> EXERCISE DESCRIPTION
In the entries below, find the line with "Lot of Vintage Comic Books" and the line with "Image 5 : Large"; reproduce those two lines and all lines between them exactly, without pictures.

> RECORDS SUPPLIED
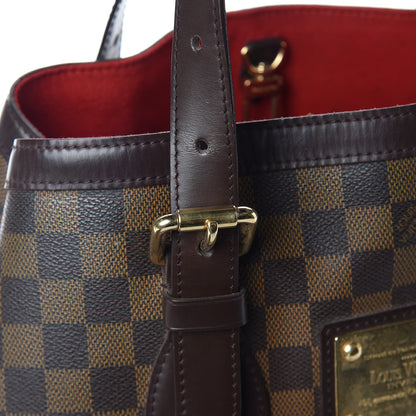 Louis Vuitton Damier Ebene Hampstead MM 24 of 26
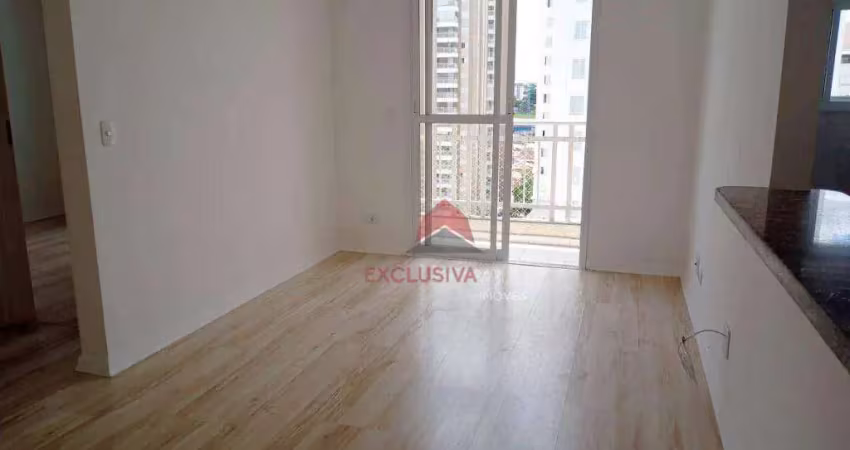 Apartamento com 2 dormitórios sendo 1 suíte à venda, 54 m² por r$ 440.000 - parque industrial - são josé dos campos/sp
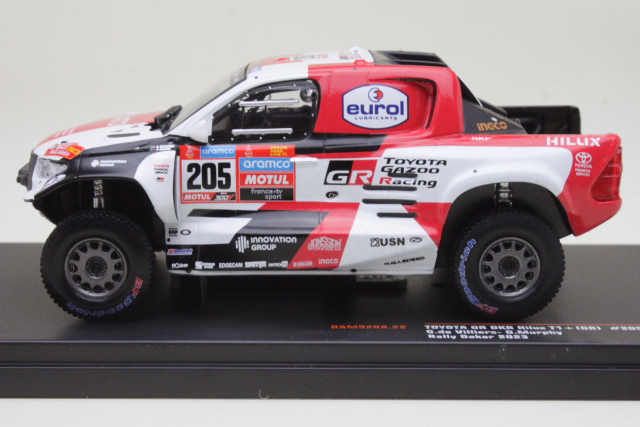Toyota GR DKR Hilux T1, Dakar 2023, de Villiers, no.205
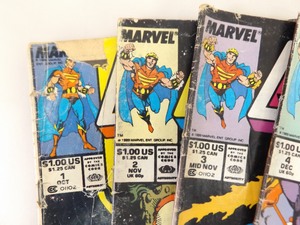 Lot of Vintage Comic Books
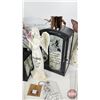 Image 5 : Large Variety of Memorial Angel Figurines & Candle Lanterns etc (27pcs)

--

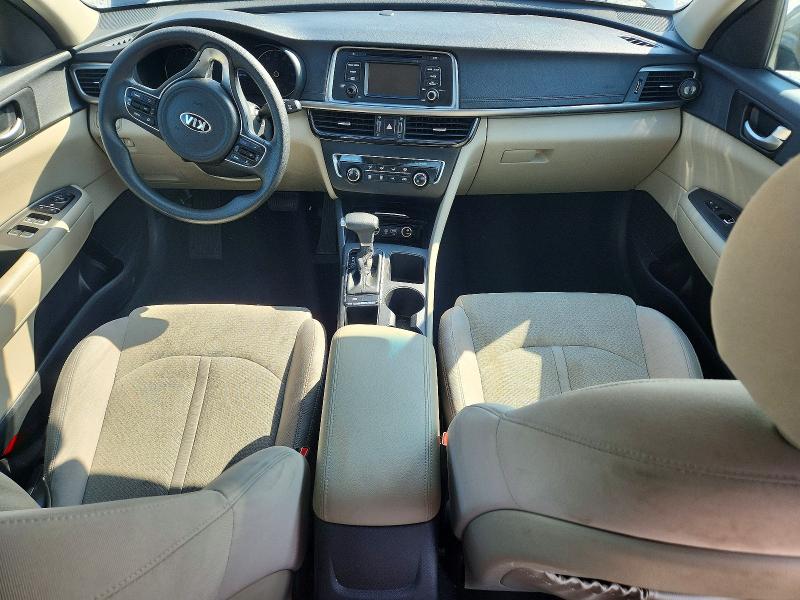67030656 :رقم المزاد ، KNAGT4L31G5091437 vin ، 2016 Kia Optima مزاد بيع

> EXERCISE RESPONSE
 Lot of Vintage Comic Books
 Image 5 : Large Variety of Memorial Angel Figurines & Candle Lanterns etc (27pcs)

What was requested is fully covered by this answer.